Operators naturally ask, “Science is nice, but what is the price?” It is a fair question, notwithstanding the impressive production numbers. Fortunately, there are options that can help get the desired results using a practical combination of logs and cores acquired in the vertical section of a well or extrapolated from a nearby offset well and minimal data from the long lateral section.

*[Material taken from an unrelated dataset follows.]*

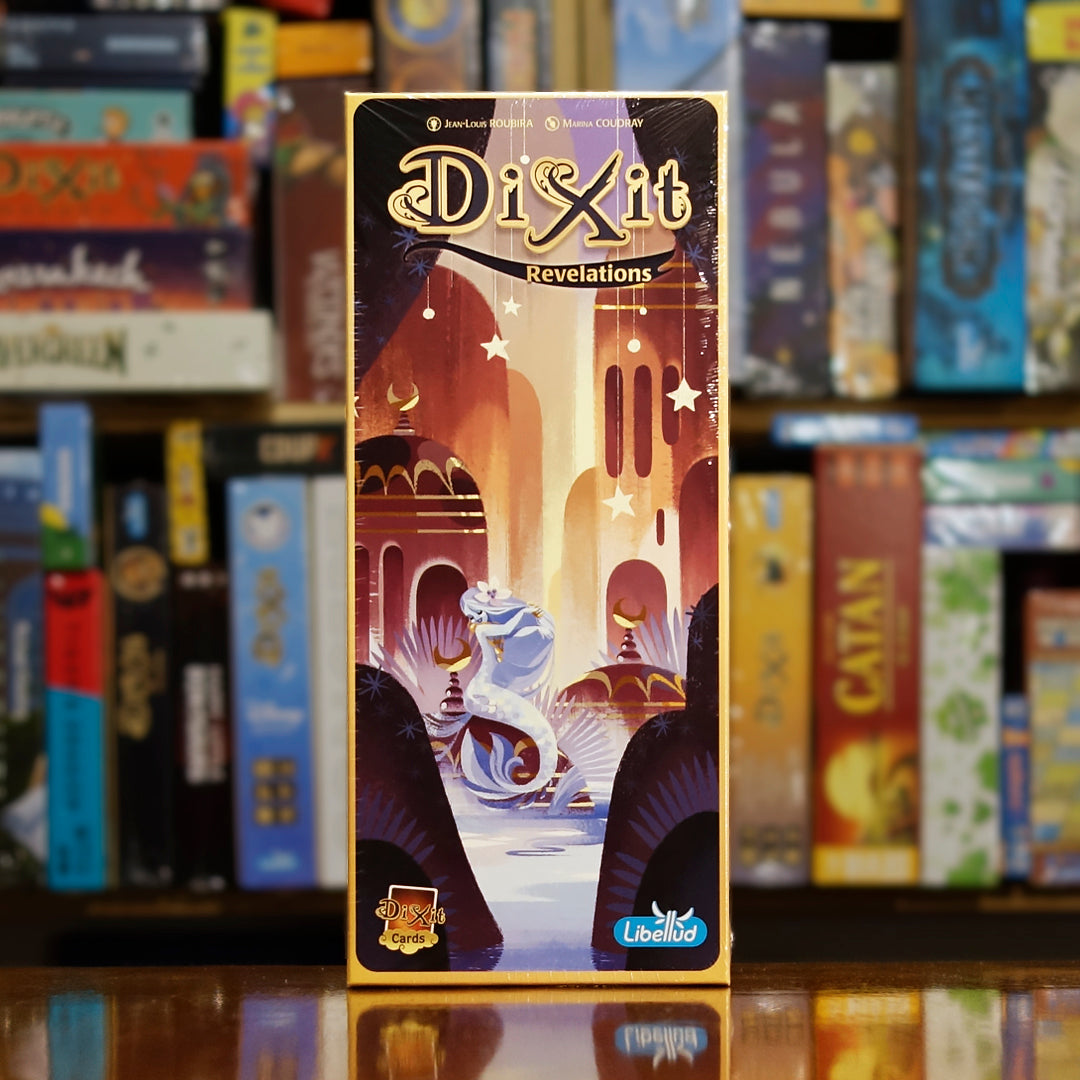 Juego mesa dixit revelations pegi 6 - La Pinta Games Juego mesa dixit revelations pegi 6 - La Pinta Games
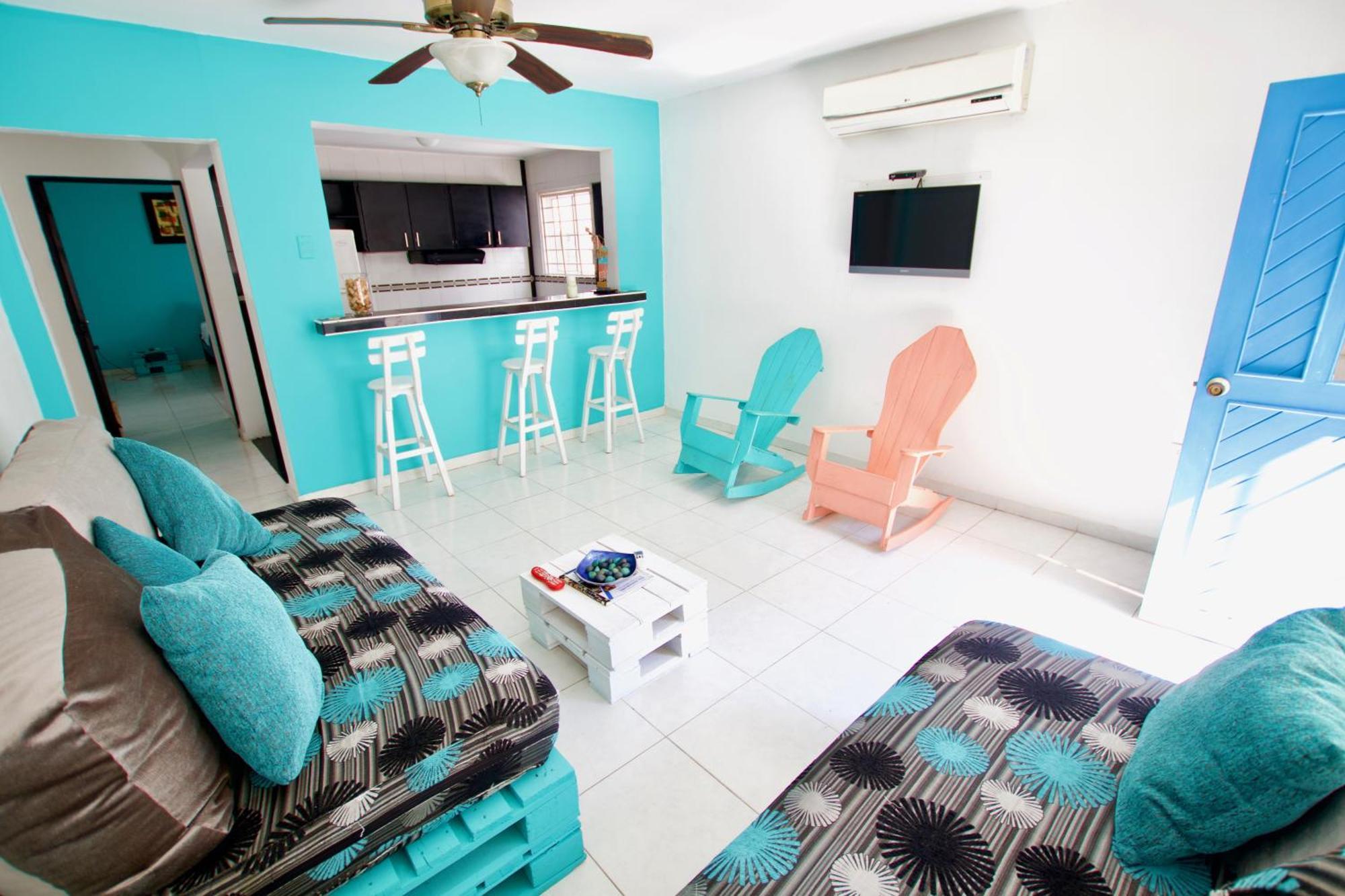 Quillahost Guesthouse Barranquilla  Exteriör bild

Recent experience has shown that specific logs acquired in cased laterals at minimal risk can provide the requisite stress analyses when interpreted using formation parameters measured in the vertical borehole section.

In a single trip for one well, a pulsed neutron spectroscopy (PNS) service was run using a wireline tractor after the well had been cased. The completion model based on the PNS service matched very well with the design that would have been chosen based on the mechanical rock strength derived from the Sonic Scanner, which had been deployed in open hole using coiled tubing (Figure 3).

When parameters obtained from the vertical hole are projected onto the lateral log, a thorough stress map is obtained with zones of high, intermediate, and low stress. Selective perforation clusters targeting the red zones should produce optimal results compared with the shot-in-the dark techniques of the past.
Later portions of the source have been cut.